Fast and Accurate Oracle Root Cause Analysis

on June 26, 2013

In this article, we establish the characteristics of a data collector suitable for ongoing data collection as well as the kind of information you need to effectively perform root cause analyses of Oracle database performance problems. We also examine why Trace Event 10046 and Oracle Statspak don’t meet our criteria.

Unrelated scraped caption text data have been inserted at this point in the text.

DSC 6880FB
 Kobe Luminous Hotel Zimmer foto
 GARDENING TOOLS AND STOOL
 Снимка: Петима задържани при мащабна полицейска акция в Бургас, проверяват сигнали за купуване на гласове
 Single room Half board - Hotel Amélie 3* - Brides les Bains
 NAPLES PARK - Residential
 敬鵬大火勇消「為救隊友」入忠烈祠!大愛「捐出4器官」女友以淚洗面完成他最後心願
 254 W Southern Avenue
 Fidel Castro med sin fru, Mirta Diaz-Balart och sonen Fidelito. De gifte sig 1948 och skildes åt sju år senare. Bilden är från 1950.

Characteristics of a Suitable Oracle Database Performance Data Collector

You need to be able to look back in time to discover what each foreground process did in the database. The facts should either lead you to the problem in the database or help you prove that the problem is external. If the facts reveal that the problem is outside the database, you can use these facts to encourage the other teams to review their processes and systems and prevent finger pointing at the database. The following is our recommended list of data collector characteristics:

Wait-based methodology–Root cause analyses rely heavily on session-level wait events data. Therefore, the data collector of choice must subscribe to the Oracle Wait Interface.
Session-level granularity–Performance root cause analyses also require raw (low-level) session-level data. Summarized session-level data has some value, but instance-level granularity is too coarse and is not suitable for this purpose.
Always-on and low overhead–Because no one knows when a performance problem will occur, the data collector must be running at all times (meaning continuous collection or sampling). The collector must also be able to simultaneously monitor all foreground database connections. Therefore, low processing overhead is extremely important.
Historical repositories–Repositories are important because they allow you to look back in time to discover what went on in the database, just like surveillance tapes that investigators rely on to solve a crime or mystery. You should have a separate repository for sessions or connections, wait events, and SQL statements. There is more discussion on repositories in the “Sampling for Performance Using PL/SQL Procedure” section.

Why Trace Event 10046 Is Not a Suitable Data Collector

Trace event 10046, not to be confused with wait events, is the best utility to trace processes, bar none. The trace file contains information on SQL statements, parses and executions, bind variables, and wait events. You can trace foreground and background processes with it. It is perfect for ad hoc tracing when you need runtime information at the lowest granular level and you have established the tracing timeframe.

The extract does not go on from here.